*SUPPLIED DATA*
= = = = =

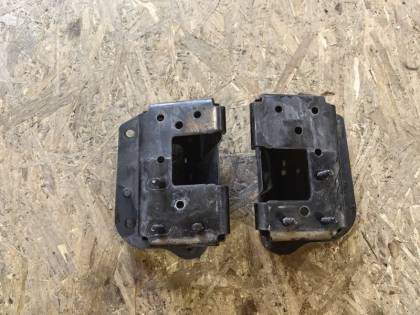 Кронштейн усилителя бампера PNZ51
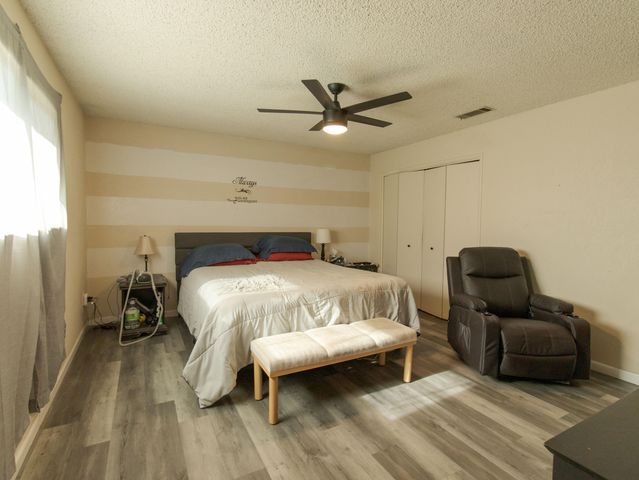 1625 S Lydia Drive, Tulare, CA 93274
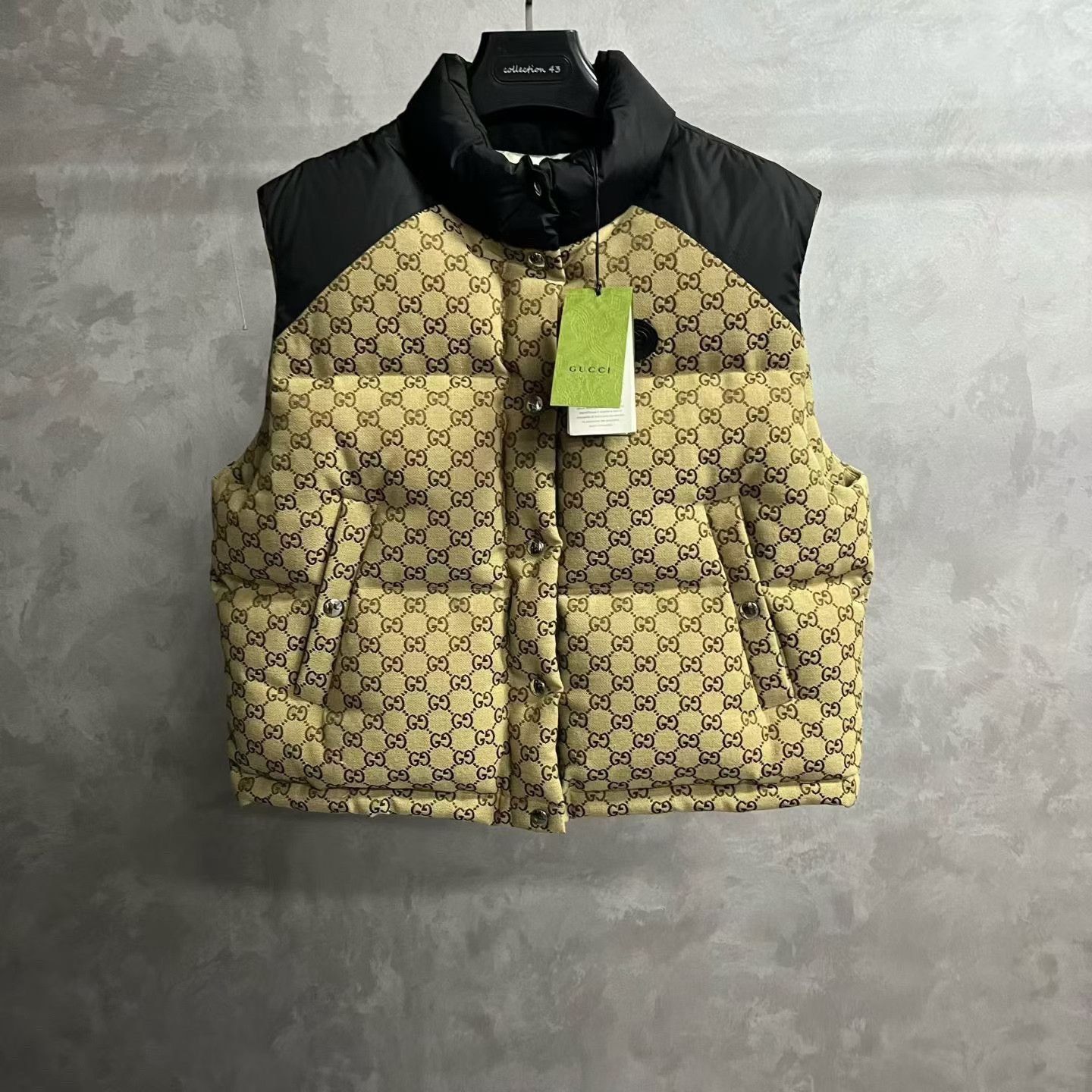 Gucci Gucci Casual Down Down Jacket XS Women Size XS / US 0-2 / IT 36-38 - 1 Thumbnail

= = = = =

*YOUR GOAL*
The pictures should not be reproduced; quote all of the other material exactly.

*THE ANSWER*
 Кронштейн усилителя бампера PNZ51
 1625 S Lydia Drive, Tulare, CA 93274
 Gucci Gucci Casual Down Down Jacket XS Women Size XS / US 0-2 / IT 36-38 - 1 Thumbnail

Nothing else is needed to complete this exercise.